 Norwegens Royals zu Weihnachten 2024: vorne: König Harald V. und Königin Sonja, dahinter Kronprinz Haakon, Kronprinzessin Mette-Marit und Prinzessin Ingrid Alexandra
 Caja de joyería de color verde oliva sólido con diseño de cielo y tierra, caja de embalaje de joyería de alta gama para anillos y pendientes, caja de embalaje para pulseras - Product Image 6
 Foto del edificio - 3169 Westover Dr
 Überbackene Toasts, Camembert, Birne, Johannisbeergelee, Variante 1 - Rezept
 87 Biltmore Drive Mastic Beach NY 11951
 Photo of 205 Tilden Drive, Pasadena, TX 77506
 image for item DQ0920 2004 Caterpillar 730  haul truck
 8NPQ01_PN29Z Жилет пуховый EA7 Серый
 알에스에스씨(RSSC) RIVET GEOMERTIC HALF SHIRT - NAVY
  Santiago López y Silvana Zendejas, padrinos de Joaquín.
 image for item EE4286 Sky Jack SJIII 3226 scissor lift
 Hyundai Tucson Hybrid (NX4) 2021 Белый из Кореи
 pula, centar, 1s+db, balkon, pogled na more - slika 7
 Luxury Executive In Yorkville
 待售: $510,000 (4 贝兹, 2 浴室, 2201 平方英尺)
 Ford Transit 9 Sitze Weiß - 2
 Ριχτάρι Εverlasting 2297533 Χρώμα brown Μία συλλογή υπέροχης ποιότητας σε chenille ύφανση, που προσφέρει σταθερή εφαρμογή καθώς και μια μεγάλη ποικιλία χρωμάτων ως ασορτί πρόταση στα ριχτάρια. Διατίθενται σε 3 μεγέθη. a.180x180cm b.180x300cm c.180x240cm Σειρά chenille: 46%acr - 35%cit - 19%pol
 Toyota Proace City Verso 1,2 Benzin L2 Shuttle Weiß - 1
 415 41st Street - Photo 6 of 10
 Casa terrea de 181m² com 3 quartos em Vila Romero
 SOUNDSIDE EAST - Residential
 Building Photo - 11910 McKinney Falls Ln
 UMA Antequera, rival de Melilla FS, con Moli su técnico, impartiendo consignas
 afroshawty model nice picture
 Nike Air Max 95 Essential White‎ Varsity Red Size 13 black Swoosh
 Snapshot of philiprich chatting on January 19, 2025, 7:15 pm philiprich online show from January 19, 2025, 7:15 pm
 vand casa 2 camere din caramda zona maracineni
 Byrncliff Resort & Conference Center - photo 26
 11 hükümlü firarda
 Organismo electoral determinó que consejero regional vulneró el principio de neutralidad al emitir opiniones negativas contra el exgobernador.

:::

REQUIRED ACTION: Please write out, exactly as they appear, the lines from the line containing "Snapshot of philiprich" through the last line of the records above, both included.

RESPONSE AREA:
 Snapshot of philiprich chatting on January 19, 2025, 7:15 pm philiprich online show from January 19, 2025, 7:15 pm
 vand casa 2 camere din caramda zona maracineni
 Byrncliff Resort & Conference Center - photo 26
 11 hükümlü firarda
 Organismo electoral determinó que consejero regional vulneró el principio de neutralidad al emitir opiniones negativas contra el exgobernador.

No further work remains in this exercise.